This module allows you to build static HTML caches of every page (for increased security and performance)
PHP
Latest commit ae9fd88 Dec 29, 2016 @dhensby dhensby committed on GitHub Merge pull request #60 from johannesx75/patch-4
Fix: setting error fails if record does not exist
Permalink
Failed to load latest commit information.
_config
code
docs
scripts
tests
.editorconfig
.gitattributes
.scrutinizer.yml
.travis.yml
README.md
_config.php
code-of-conduct.md
composer.json

README.md

Static publisher with queue

Brief

This module provides an API for your project to be able to generate a static HTML cache of your pages to enhance security (by blocking off the interactive backend requests via your server configuration) and performance (by serving just HTML).

It provides a queue implementation that:

  • allows to rebuild files selectively
  • avoids the issues of rebuilding potentially hundreds of related pages synchronously once a page is saved in the CMS. As the queue is worked off outside of any visitor views or CMS author actions, it allows for a more fine grained control over the queue, prioritization of URLs, detection of queue duplicates, etc.

The module is optimized for high responsiveness in scenarios where a single edit might trigger hundreds of page rebuilds, through batching the queue population as well as allowing to run the queue processing task as a continuous background task (similar to a Unix daemon).

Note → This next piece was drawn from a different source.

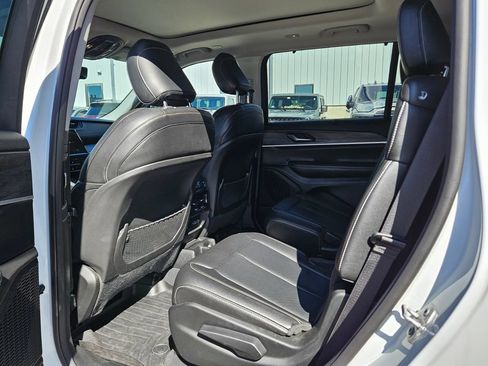 Used 2023 Jeep Grand Cherokee L Limited w/ Luxury Tech Group II AWD/4WD image 17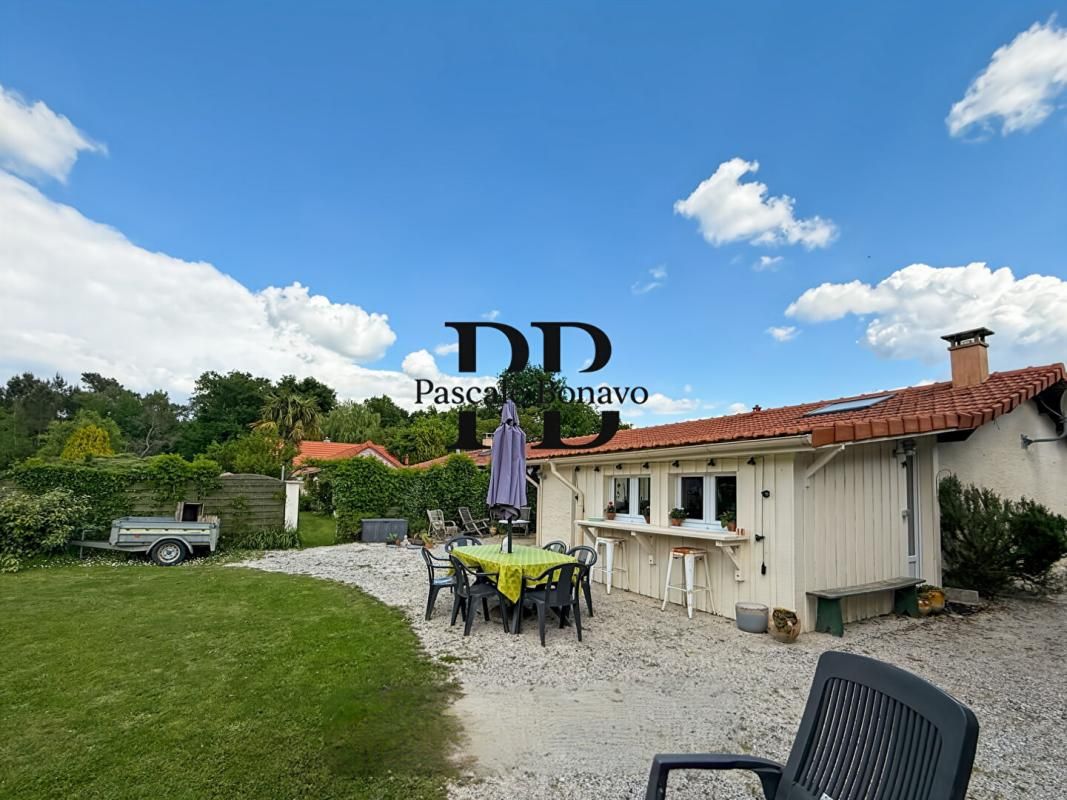 VENDAYS-MONTALIVET VENDAYS-MONTALIVET Maison 3 pièces - Jardin 470m2 2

Important security note for subsites: when using this module with subsites the separation between the subsites is not enforced - the files simply reside in subdirectories. Unless you restrict access on the webserver side it will be possible to cross the subsite boundary, e.g. by hitting `http://onesubsite.co.nz/cache/secondsubsite.co.nz/index.html`. This will serve up the homepage of the second subsite on the first subsite's domain.

Maintainers

Requirements

  • SilverStripe 3.1

Essential configuration guide

By default the module is not applying any of its decorators, and will not affect the behaviour of your application. You need to configure the module and the webserver before use - this section will walk you through the configuration activities that you need to perform.

Applying extensions

Module comes with some basic implementations to use out of the box (see "Reference" section below for information about provided interfaces). You can apply these implementations using the config system to make all your Pages publishable:

---
Name: mysiteconfig_redirector
After: 'staticpublishqueue/*'
---
RedirectorPage:
  extensions:
    - PublishableRedirectorPage
---
Name: mysiteconfig_staticpublishqueue
After: 'staticpublishqueue/*','#mysiteconfig_redirector'
---
SiteTree:
  extensions:
    - PublishableSiteTree
    - SiteTreePublishingEngine
    - FilesystemPublisher('cache', 'html')

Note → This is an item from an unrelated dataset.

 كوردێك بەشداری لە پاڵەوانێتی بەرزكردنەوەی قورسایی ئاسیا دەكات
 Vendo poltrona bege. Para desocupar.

The order is significant - PublishableRedirectorPage needs to be applied before the mysiteconfig_staticpublishqueue, because it needs to override the default PublishableSiteTree (hence the use of the "After" directives of the config system).

BaseURL

The static base directory is the base directory that the Static Publishing will use as a basis for all static assets refernces (js, css, etc.) using the HTML "base" tag. This needs to be configured in the following two locations.

In _ss_environment.php (with trailing slash!):

$_FILE_TO_URL_MAPPING['/var/www/my-site'] = 'http://your-domain.co.nz/';

In your config file (without traling slash!):

FilesystemPublisher:
    static_base_url: http://your-domain.co.nz

If using subsites, this will only apply to the main site. Subsites will use their respective domains as configured in the CMS.

Webserver configuration

This section contains some examples of webserver configuration.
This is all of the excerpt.